Bush has been schooling her daughters on doughnut types since they were three years old and will soon get to do the same for Boulder, serving up yeast, cake and filled varieties alongside the French. “We will do them all,” she reports, and those with a sweet tooth can also look forward to tasting bake house offerings as well as plated desserts, cakes using food-based colors, locally sourced ingredients, and organic ice cream with homemade toppings like crushed saltine toffee and natural marshmallow fluff.
Working on the renovation and building process at the moment, the Bakehouse & Creamery menus have been ready to go for months now after 15 years in the making. “I have all my favorite recipes that I have developed over the course of my career,” she explains. “There will be a lot of new ones, of course.”

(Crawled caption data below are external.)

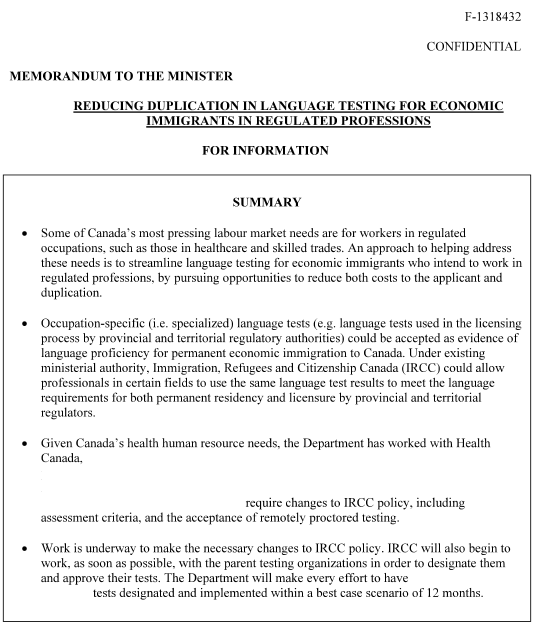 smeurrens's tweet photo. June 2024 IRCC Memorandum to the Minister on reducing dupilication in language testing for economic immigrants in regulated professions, with the goal being that immigrants won't have to take multiple language tests. 

It is anticipated that the process will take 18 - 24 months. https://t.co/l2ljJJ9r8W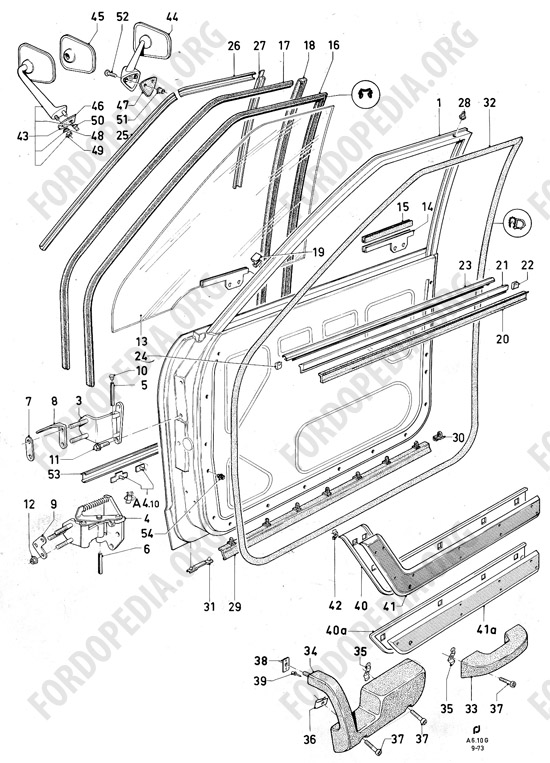 Ford Consul/Granada MkI (1972-1975) - Front doors and related parts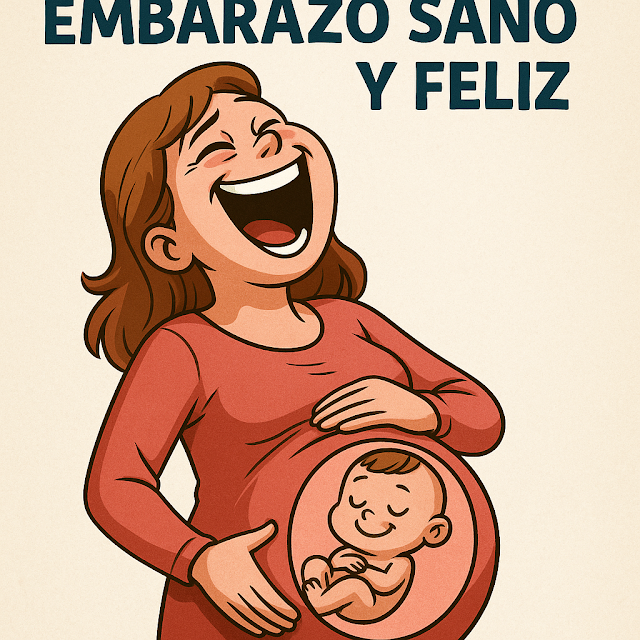 Mamá embarazada muy feliz y bebé relajado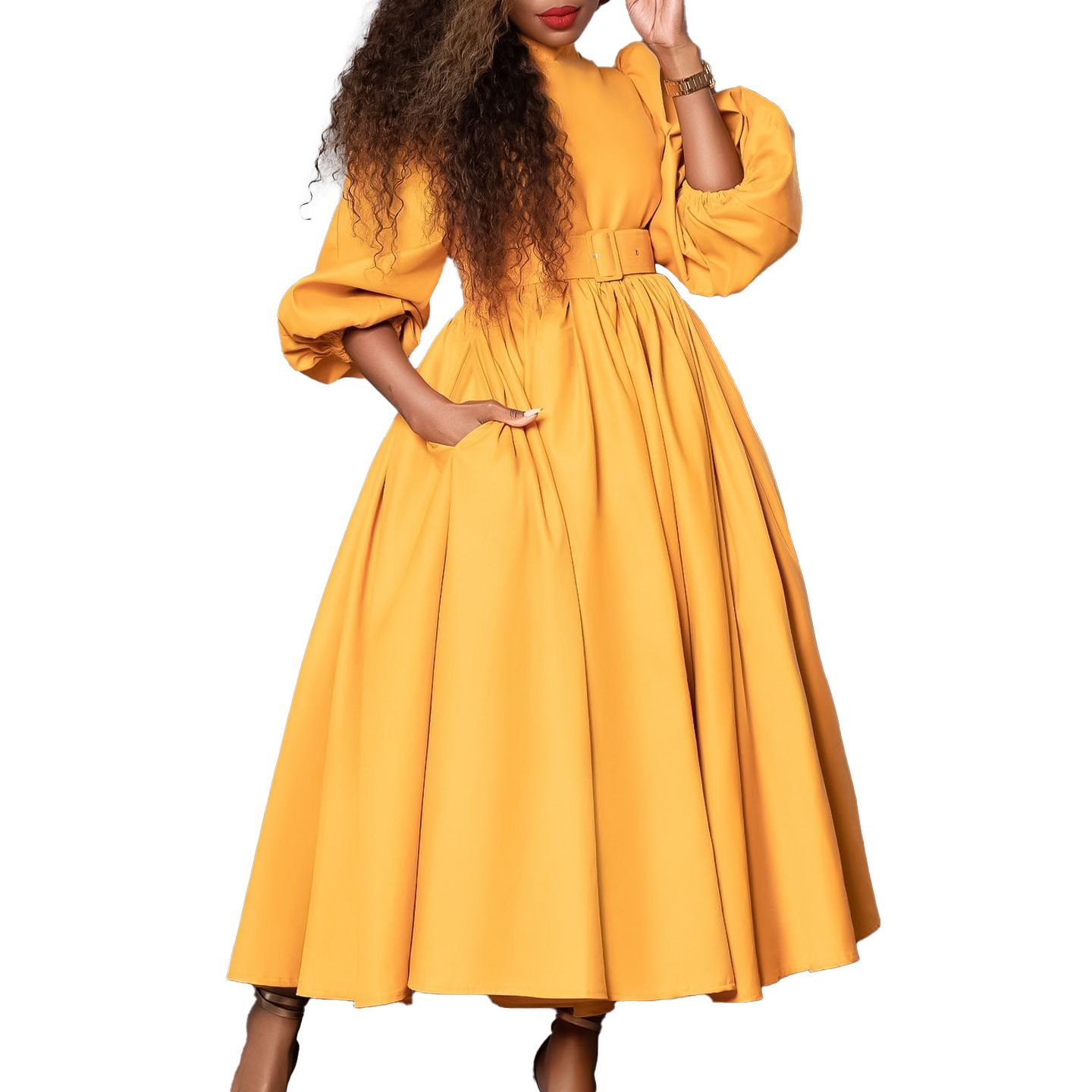 Plus Size Women's Half Turtle Neck Three-quarter Sleeves Elegant Waist Slimming Swing Skirt Dress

The Bakehouse & Creamery is a venture in conjunction with and adjacent to Lucky’s Market—the first to jump on board and buy cookie dough from Bush’s former business, Ice Box Bakery. “He is known for that, to really give local food companies a platform to launch,” she says of Lucky’s owner, Bo Sharon. “He is a savvy business person and really involved in the community. So our friendship started a few years back. When he mentioned wanting to do a bakery, we started talking.” By nature, Bush considers herself a baker, not a business person. “I believe Bo and I will make good partners in this respect.”
Good partners in good food. Right up the way in my north Boulder neighborhood, I’m really banking on that doughnut diet plan panning out for me; I think I’ll be needing it to offset everything else I plan to eat come October.